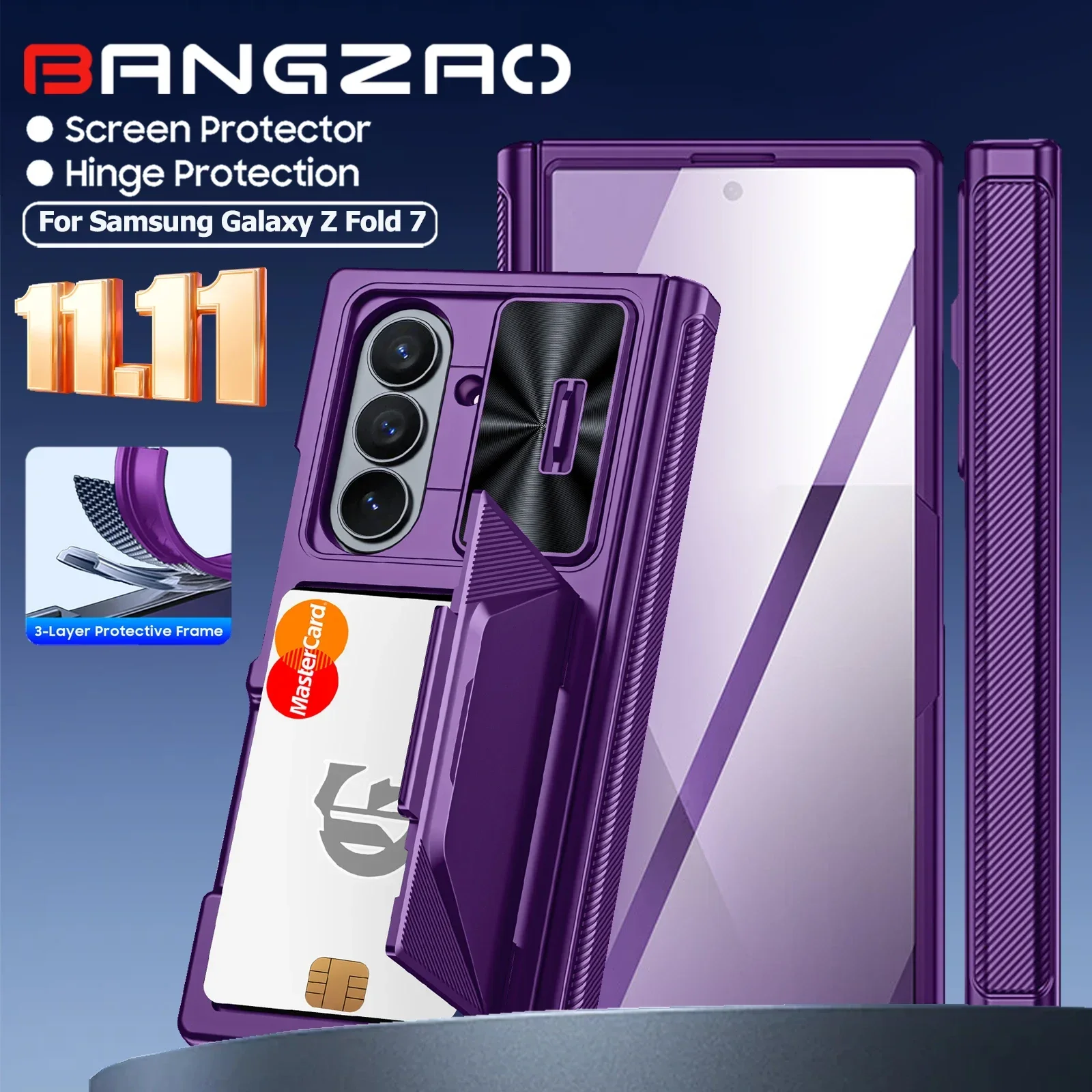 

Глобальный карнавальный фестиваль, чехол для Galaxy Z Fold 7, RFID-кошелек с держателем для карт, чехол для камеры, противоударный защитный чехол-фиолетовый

◆ ◆ ◆ ◆

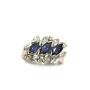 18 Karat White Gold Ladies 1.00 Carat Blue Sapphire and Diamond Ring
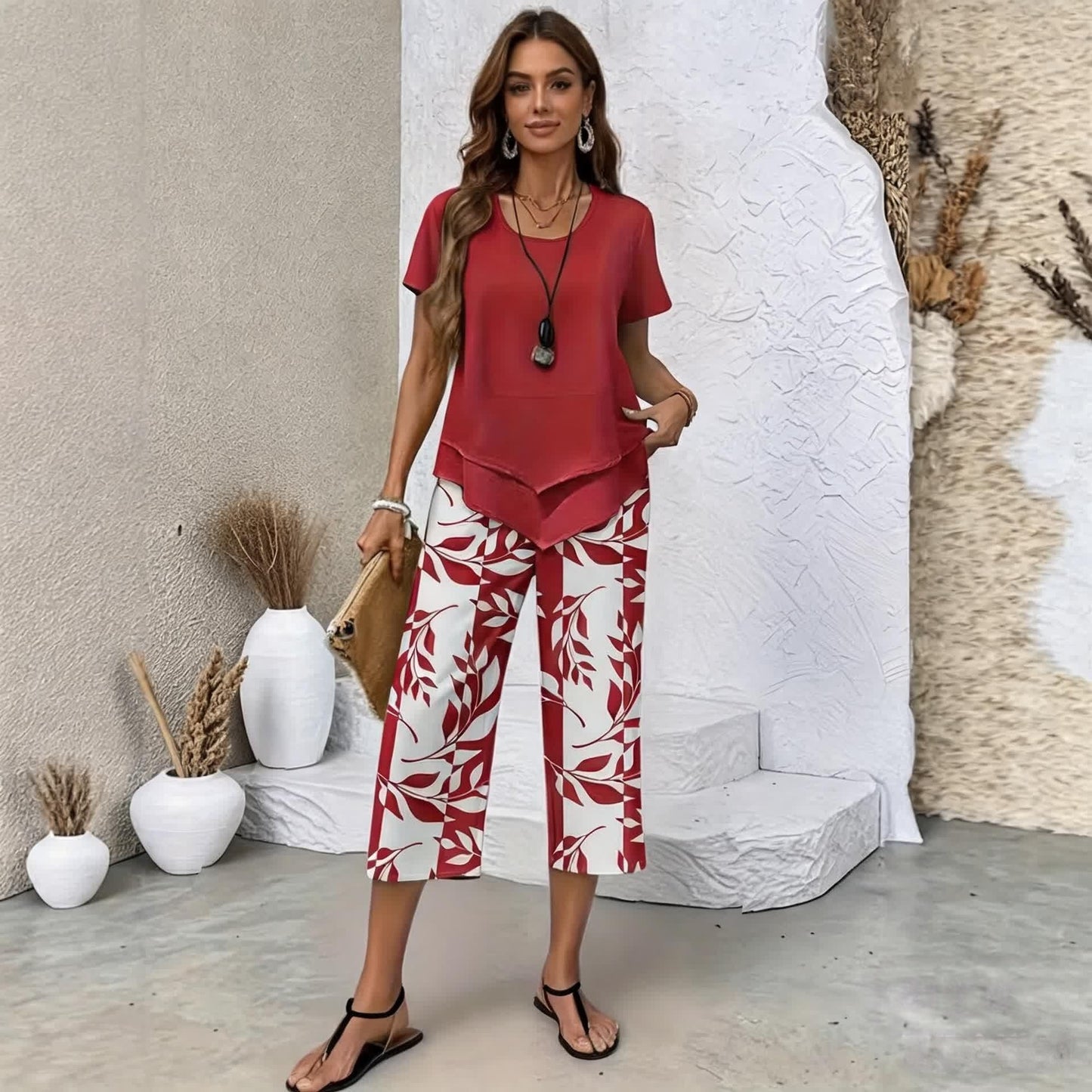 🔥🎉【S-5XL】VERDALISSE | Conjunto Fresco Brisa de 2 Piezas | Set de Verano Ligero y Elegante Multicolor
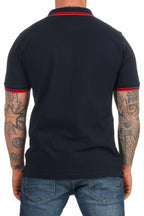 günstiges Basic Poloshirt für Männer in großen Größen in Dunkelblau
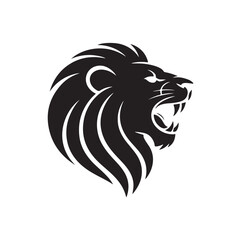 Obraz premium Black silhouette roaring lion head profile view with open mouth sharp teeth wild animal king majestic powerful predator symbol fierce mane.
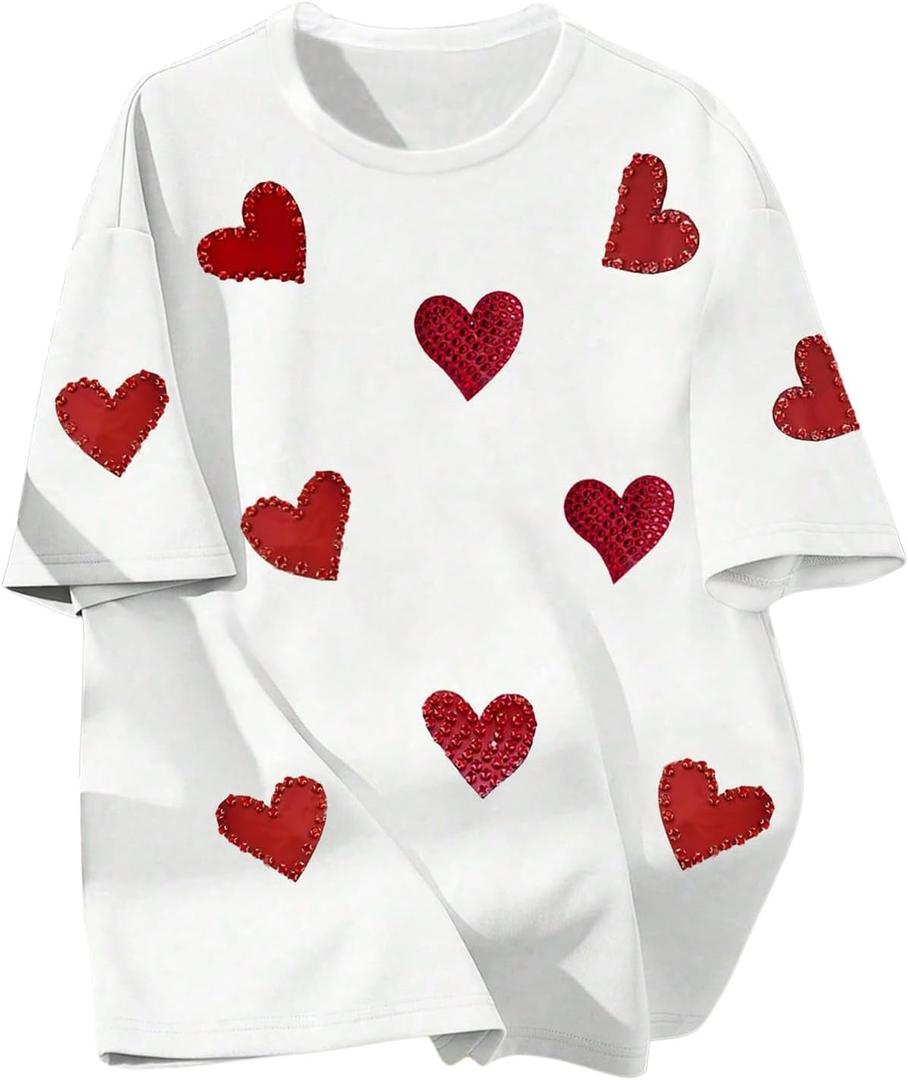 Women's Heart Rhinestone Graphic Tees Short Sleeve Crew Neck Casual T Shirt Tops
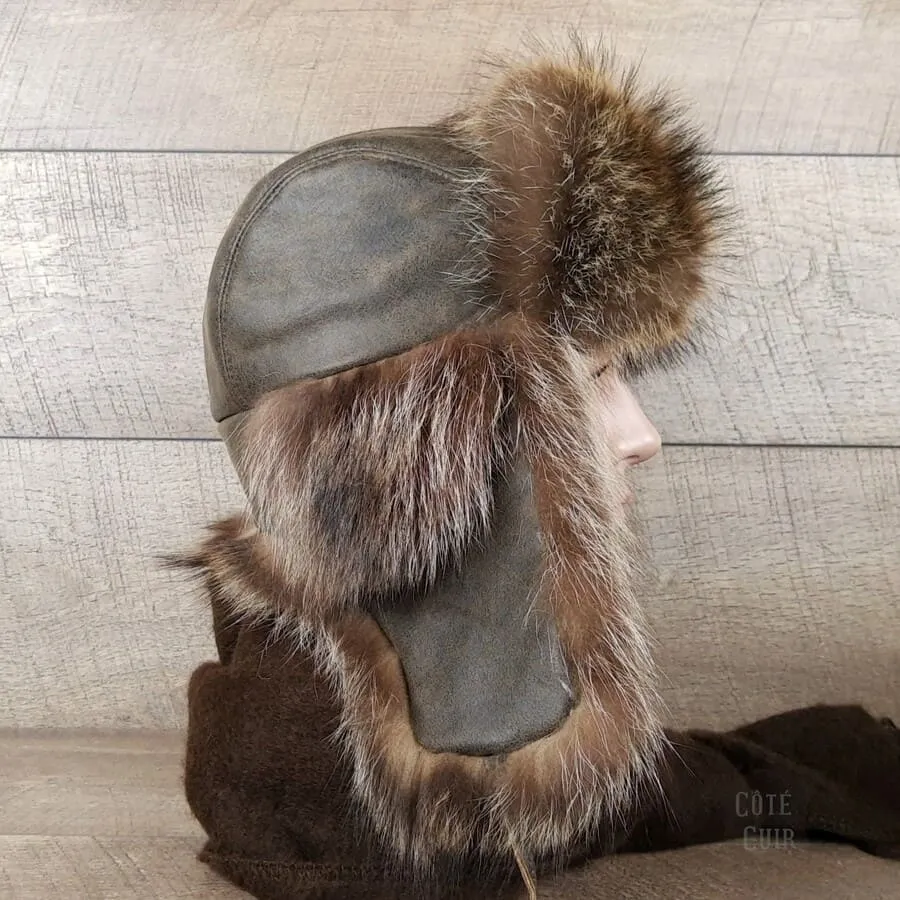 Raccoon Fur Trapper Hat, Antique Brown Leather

◆ ◆ ◆ ◆

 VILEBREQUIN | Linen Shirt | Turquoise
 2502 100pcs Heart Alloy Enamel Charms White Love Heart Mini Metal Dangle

◆ ◆ ◆ ◆

## Problem description
Taking the material above, give again exactly the lines from the one holding "18 Karat White" through the one holding "Raccoon Fur Trapper", with both ends and without pictures.

## Answer
 18 Karat White Gold Ladies 1.00 Carat Blue Sapphire and Diamond Ring
 🔥🎉【S-5XL】VERDALISSE | Conjunto Fresco Brisa de 2 Piezas | Set de Verano Ligero y Elegante Multicolor
 günstiges Basic Poloshirt für Männer in großen Größen in Dunkelblau
 Obraz premium Black silhouette roaring lion head profile view with open mouth sharp teeth wild animal king majestic powerful predator symbol fierce mane.
 Women's Heart Rhinestone Graphic Tees Short Sleeve Crew Neck Casual T Shirt Tops
 Raccoon Fur Trapper Hat, Antique Brown Leather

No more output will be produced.